Mysterious X-37B Space Plane Returns to Earth After Nearly Two Years

X-37B Secret Space Shuttle
X-37B Secret Space Shuttle

one seems to know much about the Air Force’s X-37B secret space plane except that it appears to be working exactly as designed. The unmanned Boeing-built craft, which resembles a miniature space shuttle, returned to Earth on Friday after nearly two years — 674 days, to be exact — in space. It’s the X-37B program’s third mission to space and by far the longest.

The plane landed at 9:24 a.m. local time on Oct. 17 at Vandenberg Air Force Base in California, the Air Force’s 30th Space Wing announced.

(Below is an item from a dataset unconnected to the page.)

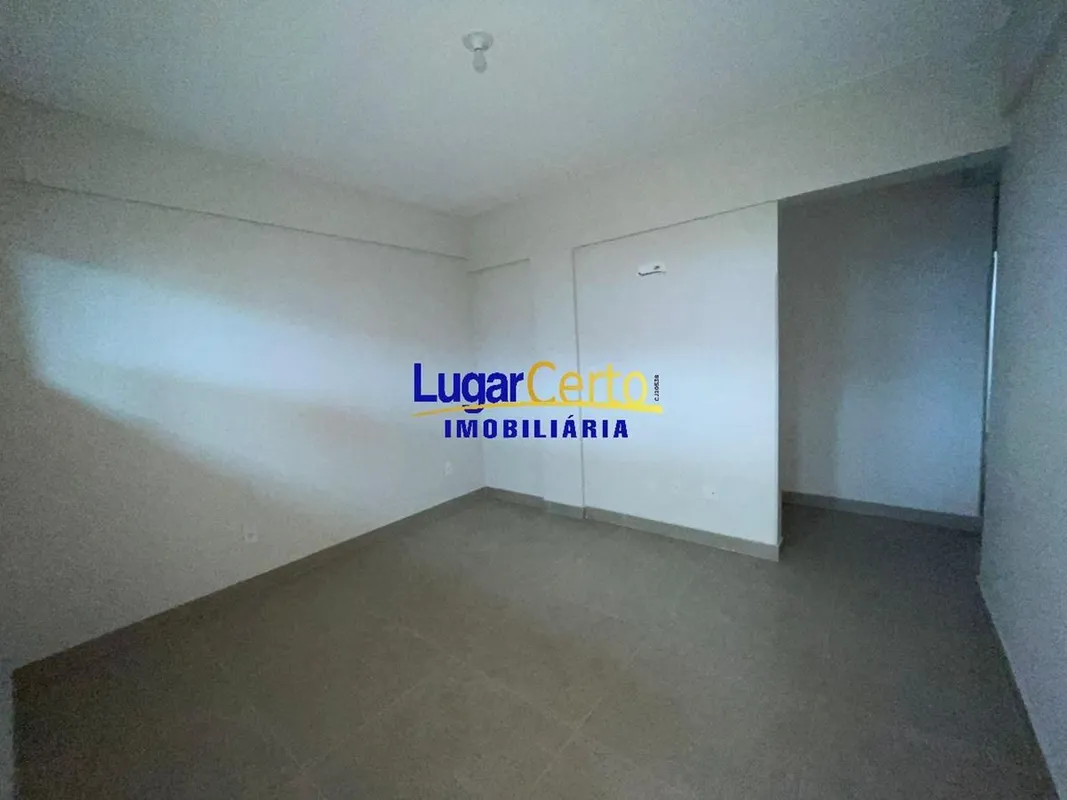 APARTAMENTO 02 QUARTOS NA AV. INDEPENDÊNCIA- ÓTIMA LOCALIZAÇÃO- EDIFICIO COM ELE...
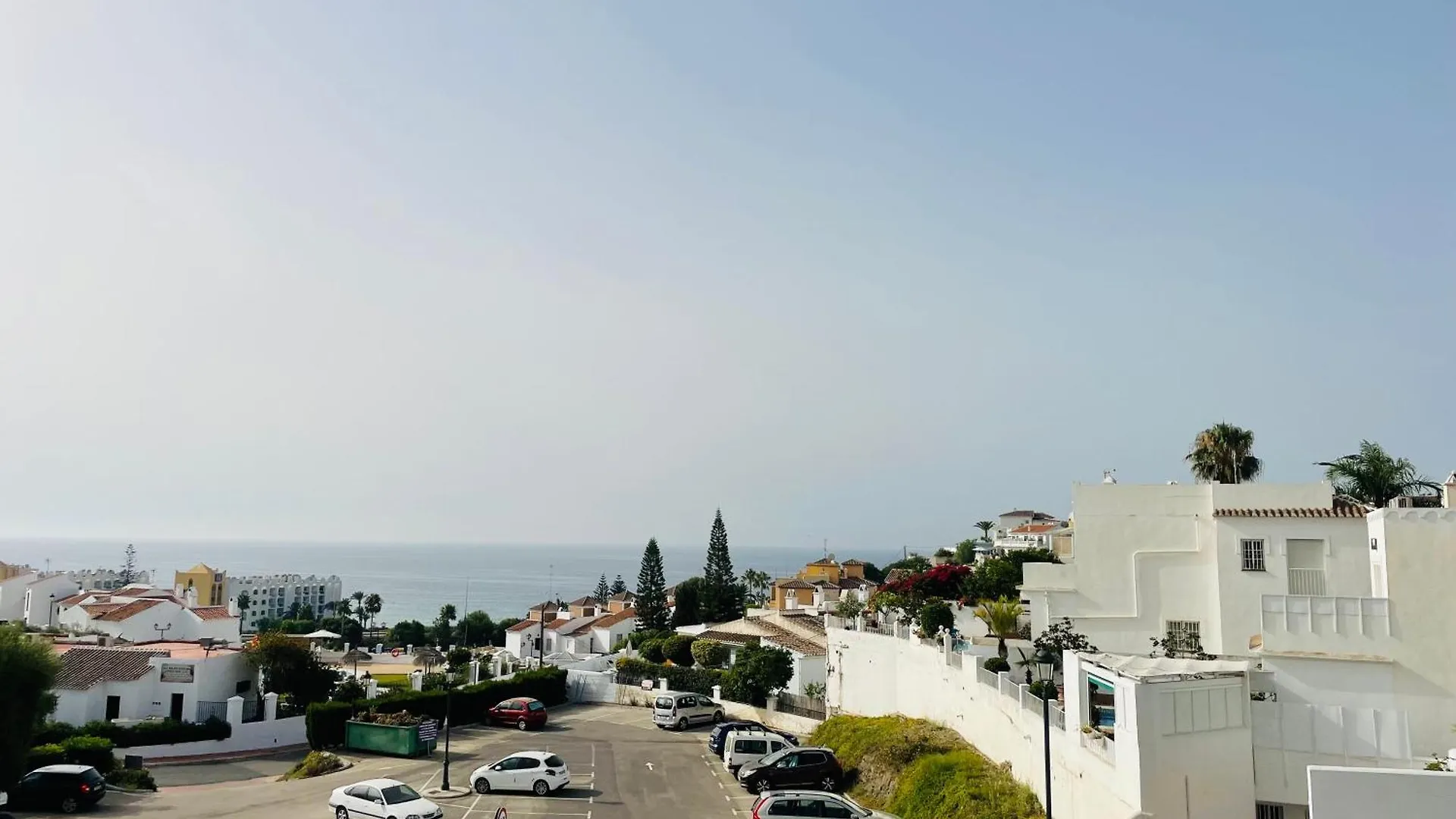 Adosado Tropicana En Nerja 0*,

“The 30th Space Wing and our mission partners, Air Force Rapid Capabilities Office, Boeing, and our base support contractors, have put countless hours of hard work into preparing for this landing and today we were able to see the culmination of that dedication,” Colonel Keith Balts, 30th Space Wing commander, said in a release. “I’m extremely proud of our team for coming together to execute this third safe and successful landing. Everyone from our on console space operators to our airfield managers and civil engineers take pride in this unique mission and exemplify excellence during its execution.”

But just what did the X-37B do up there? The Air Force isn’t telling.

To be fair, experimental military-funded space projects aren’t exactly the kind of thing you expect the brass to talk about in public. Inquiries over the years, and this week by NBC News, have always been met with polite but firm “no comment.”

What is known is that the X-37B has no human pilot, or at least not one in its windowless cockpit. It’s operated remotely and lands on its own. The details of its launches aren’t secret, but nor are they particularly interesting: it rode an Atlas V booster on Dec. 12, 2012, and assumed orbit about 180 miles above the Earth. That last part, notably, was figured out by a network of curious astronomers, not released publicly by the Air Force.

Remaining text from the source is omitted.